22:3 (2007:09) 22nd Conference (2007): Tactics Session: Alternatives to Licensing of E-ResourcesSeptember 5, 2007 at 11:22 am | Posted in Conference Reports, Tactics Sessions | Leave a comment
Alternatives to Licensing of E-Resources
Zachary Rolnik, Now Publishers; Selden Durgom Lamoureux, University of North Carolina, Chapel Hill
Reported by Kyle Winward
Zachary Rolnik began the session speaking about the context of licensing, and how an increasing acquisition in digital content during the 1990s led to a shift in emphasis from copyright law to contract law for licensing. The consequences have been higher costs, bottlenecks in the ordering process, access being delayed or never initiated, and large publishers, with large resources, being favored over small publishers. The cumulative effect is that library patrons are not well served, library financial resources are not maximized, and small publishers are frequently under-represented in many libraries’ online collections.
Rolnik next spoke about the challenges for small publishers in creating licenses, including the cost of creating a license, attorney fees, and that three quarters of all licenses require some revision. Rolnik added that he has never responded negatively to requests to change terms, but that the process results in a minimum delay of weeks and sometimes several months.
Selden Durgom Lamoureux followed with information concerning previous presentations on the problems of licensing at the 2005 Charleston Conference and other conferences – the response was enthusiastic for licensing alternatives. At the Charleston Conference, Oliver Pesch (EBSCO) spoke with Lamoureux, and this conversation inspired a working group of librarians and publishers, which formed the NISO Shared E-Resource Understanding (SERU) Working Group.
The first step the working group took was to divide a license into three parts: contract (legal) boilerplate, business terms, and the remainder of the license. The next step was discarding the contract boilerplate, moving the business terms to a purchase order, and focusing on the remaining content. There was a general consensus about what constitutes a site, who is a user, what are appropriate and inappropriate use, confidentiality and privacy, online performance and service, and archival and perpetual access.
Rolnik followed with the reasons why a new model could work, including the significant and shared experience of publishers and librarians with e-resource licensing, and a high level of trust based on the amicable resolution of problems.
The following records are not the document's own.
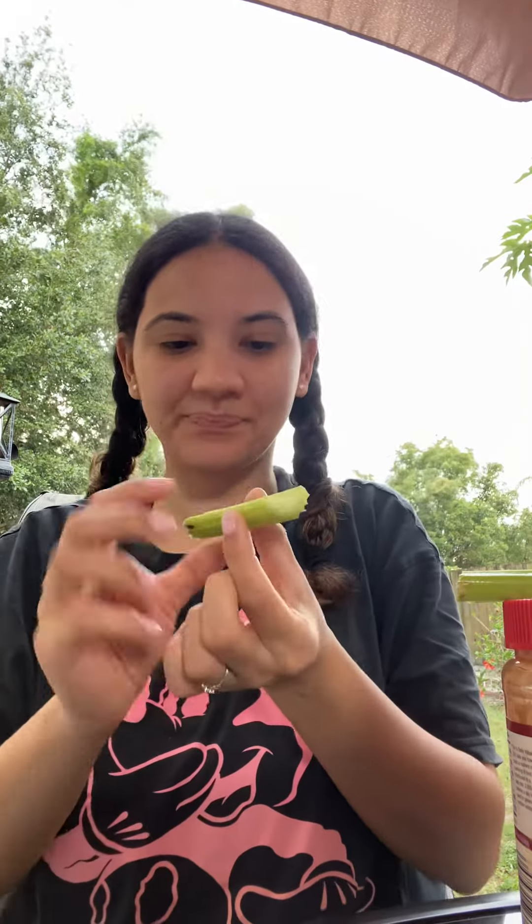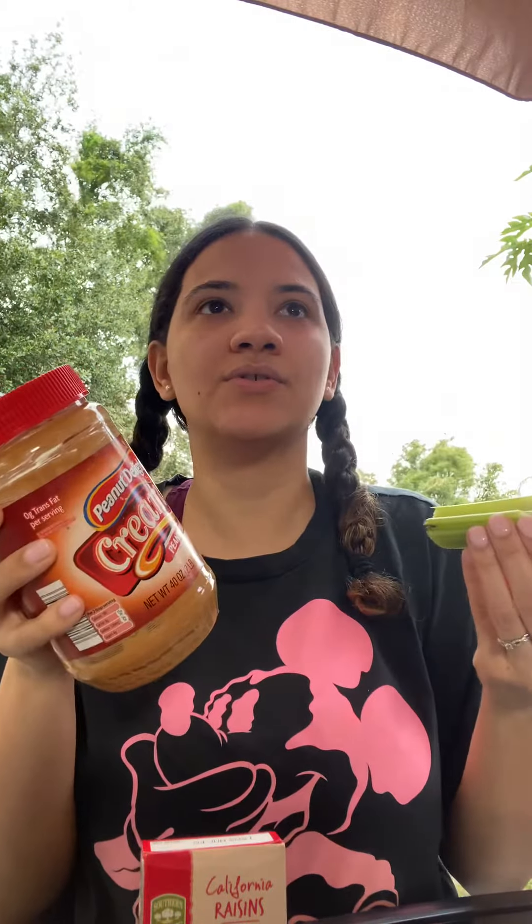Hi friends! Today we're gonna make a very yummy snack, and that snack is ants on a log. Some of the ingredients we need are celery, raisins, and some yummy peanut butter. If you don't eat peanut butter, you can use almond butter or cream cheese — there are many different things you can use.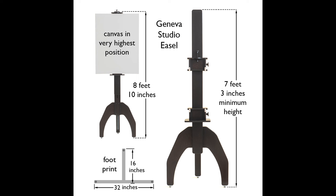You can go see the dimensions at genevafineart.com. We've got images of the easel showing it from all angles, and it also has all the dimensions on there so you can see how big it is.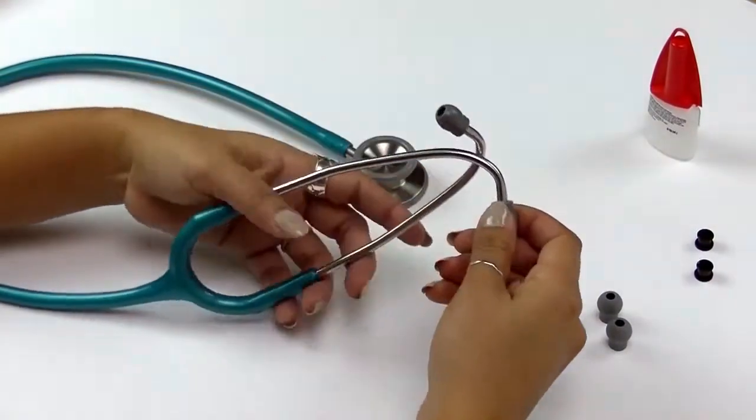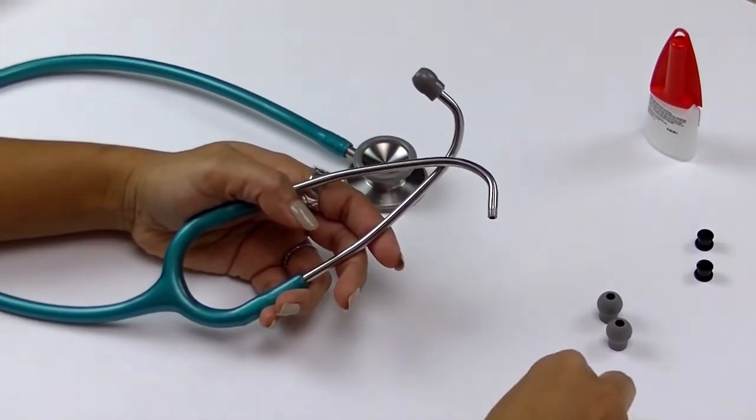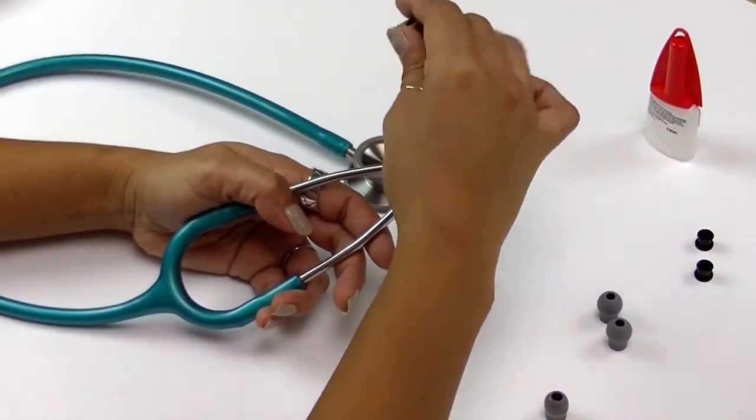First, you will need to remove the existing ear tips by unthreading them. Your new ear tip is attached to the binaural with the aid of an adapter. This adapter will be attached to the binaural.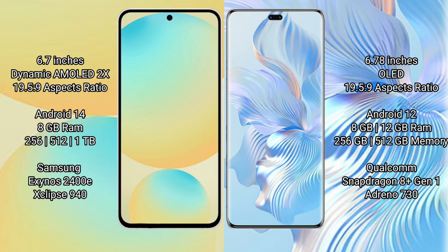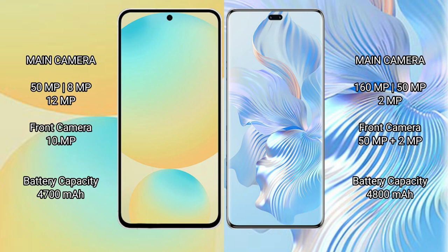Honor 80 Pro comes with 8GB or 12GB RAM, and 256GB, 512GB, or 1TB internal storage, powered by the Qualcomm Snapdragon 801 processor with Adreno 730 GPU. Samsung Galaxy S24 FE features a rear triple camera setup: 50MP main, 8MP, and 12MP sensors, plus a 10MP front camera.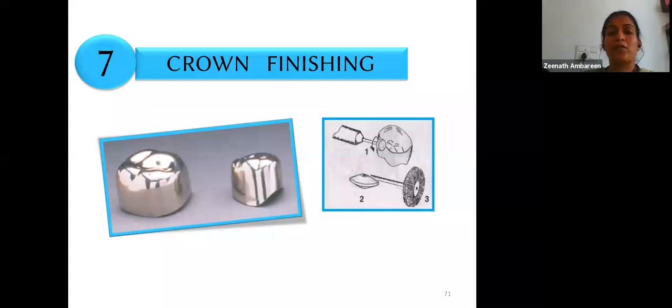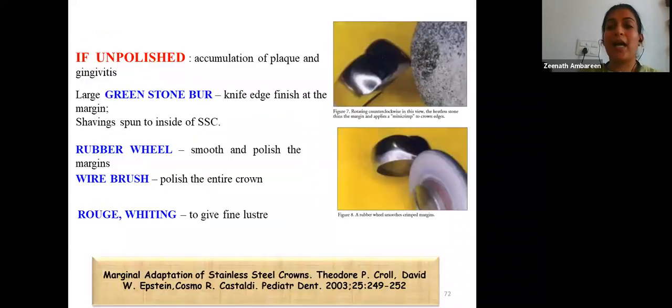Crown finishing involves smoothing and polishing all irregularities and sharp margins created during manipulation. Leaving the crown unpolished can lead to plaque accumulation and gingivitis. A green stone, rubber wheels, and wire brushes can be used, with rouge or whiting applied for a fine luster.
For example, there have been fewer than five court cases between publishers and libraries for license violations in the past few years, and there is strong motivation to find a licensing alternative.
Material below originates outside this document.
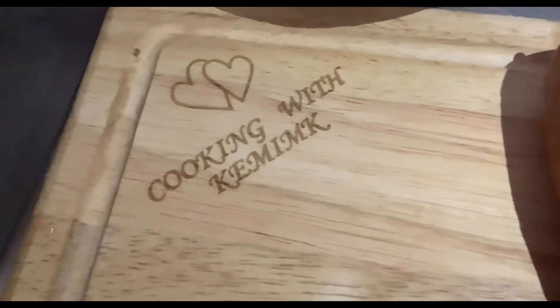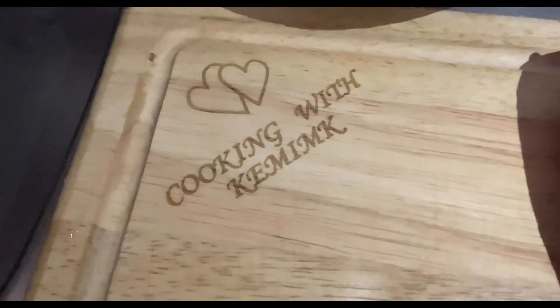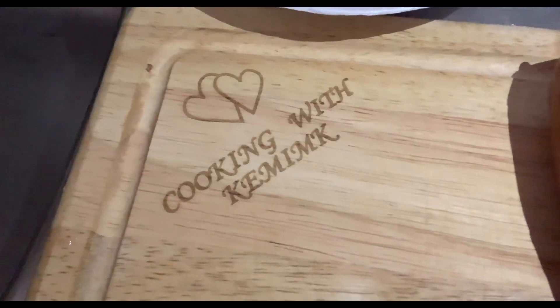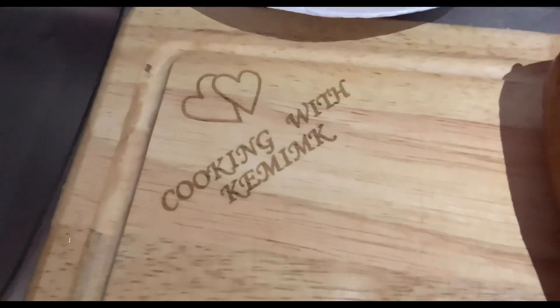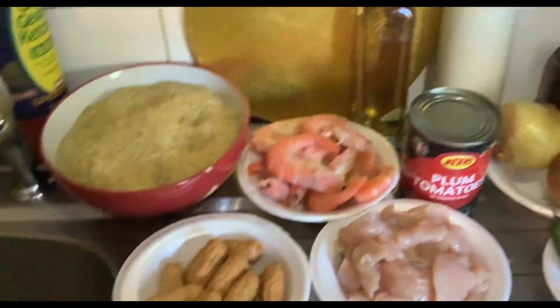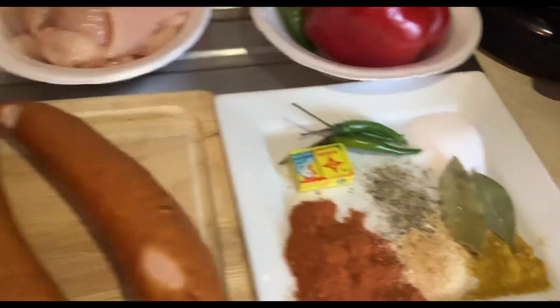Hello everyone, good morning, good afternoon, good evening wherever you're watching from. Today we'll be cooking with Kami and K. Kami is in the kitchen today to give you Jambalaya Jollop — I call it Jambalaya Jollop because that is what it just tastes like to me, but it's called Jambalaya rice.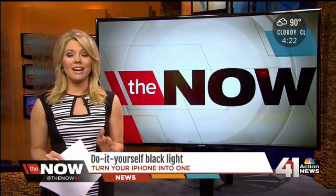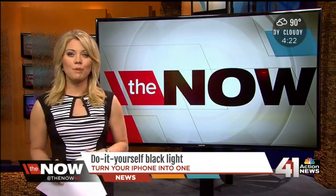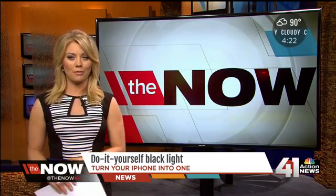Do-it-yourself black lights don't have to take a long time or even cost a lot of money. Our digital producer, Deborah Tuff, has been poking around on Pinterest and found a solution right in the palm of your hand.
Lamoureux provided more details on SERU, and emphasized that it is a mutual understanding between libraries and publishers in which they forego a license agreement and instead rely on SERU and copyright law. SERU is not a replacement for all license and contract agreements, nor is it a standard license or license of adhesion. SERU’s next steps include a Draft Recommended Practice for Trial Use (version 0.9), a registry of participants, and a formal NISO review process in 2008. The speakers encouraged interested parties to register on the SERU website – the registration form isn’t currently online but should be soon. A very interactive and informative round of questions and answers followed.